Bunker - Andrea Maria Schenkel
Monika, qui travaille dans une banque, est enlevée et retenue prisonnière durant cinq jours dans un ancien moulin à côté duquel se trouve également un bunker. On comprend que ce dernier a été construit par le père du kidnappeur et que celui-ci habite en face de chez la jeune femme, qu'il l'épiait depuis un moment, s'introduisant même chez elle durant son absence. On apprend aussi que c'est dans le moulin que le père du kidnappeur enfermait son épouse lorsqu'une scène éclatait entre eux.
Lorsqu'elle se réveille, Monika est nue et ligotée. Elle pense d'abord que sa captivité est le résultat du cambriolage raté de la banque. Jusqu'à ce qu'elle trouve dans la pièce une photo d'elle et Joachim, son jeune frère décédé des suites des blessures subies alors qu'elle l'avait roué de coups après une dispute. Qui est réellement son ravisseur ? Hans, le garçon un peu demeuré du village qu'elle avait accusé de la mort de son frère et qui avait été envoyé dans un hôpital psychiatrique ?
Je ne vais pas à y aller par quatre chemins : j'ai adoré ce court roman d'Andrea Maria Schenkel (née en 1962), une auteur dont j'ai lu tous les textes traduits à l'exception de Un tueur à Munich. J'avais toutefois quelques réticence à cause du titre; bunker, un mot que j'associe au froid, au gris, à l'humidité, à la dureté. Bref, tout ce que je n'aime pas.
Ce bunker (et le moulin !) qui pourtant permet à Schenkel de créer une tension et une atmosphère de plus en plus tendue, étouffante, lourde et claustrophobique. Et retorse. Qui de Monika ou de Hans (pour autant que ce soit bien lui ?) est réellement la victime et qui le coupable ? Un face à face s'engage dans lequel la femme, pour tenter de s'enfouir, essaie de gagner sa confiance. Elle lui propose un marché : elle l'aide à obtenir la clef du coffre fort de la banque en piégeant son chef, et il lui laisse la vie sauve. C'est troublant, limite pervers et franchement prenant. Un huis-clos à deux personnages, une vraie réussite que je recommande vivement !

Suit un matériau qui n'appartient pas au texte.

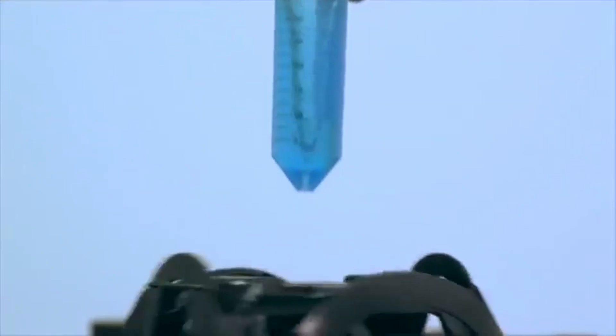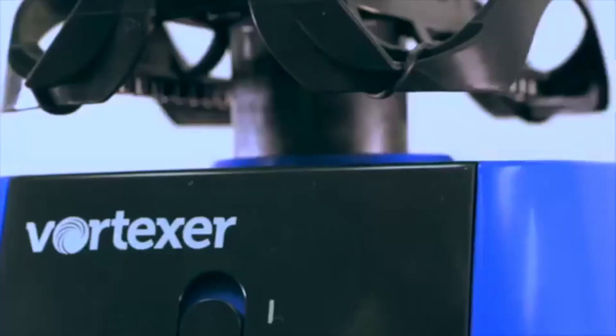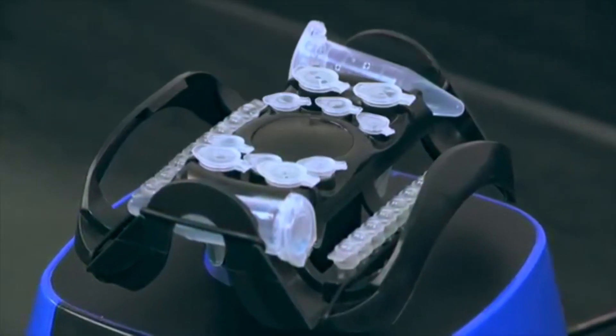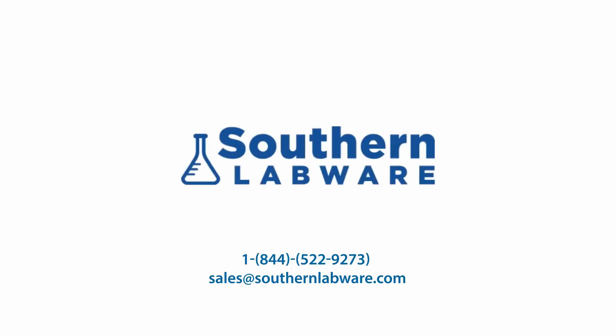This functionally designed mixing head increases productivity and reduces costs as well. There's no need to purchase another mixer — the Vortexer does it all. The flexibility of this unit saves time in the lab by responding to your needs with great versatility. Get yours today.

L'un après l'autre, je prends les morceaux de pain et les lui mets dans la bouche. Elle mâche et, la bouche encore pleine, elle dit : "Et si on allait chercher ensemble l'argent du coffre ?"
Au début je ne comprends pas, je n'ai aucune idée de ce qu'elle veut dire. L'argent ? Mais elle n'a pas la clé, j'ai fouillé ses vêtements.
Elle me sourit toujours.
Elle penche la tête sur le côté, me regarde. Je ne dis pas un mot. (...)
Je la regarde dans les yeux. (...)
Qu'est-ce que tu en penses : on va chercher la clé, et ensuite l'argent du coffre."
Après tout, pourquoi pas ? Tout a foiré depuis le début, mais si elle peut m'aider à m'emparer de cet argent... Et après, on verra. J'attends encore un moment, je la laisse mijoter encore un peu, et puis : "Comment tu comptes te procurer cette clé ?" On va voir quel plan elle a échafaudé.
"Mon chef l'a toujours sur lui, dans la poche intérieure de sa veste.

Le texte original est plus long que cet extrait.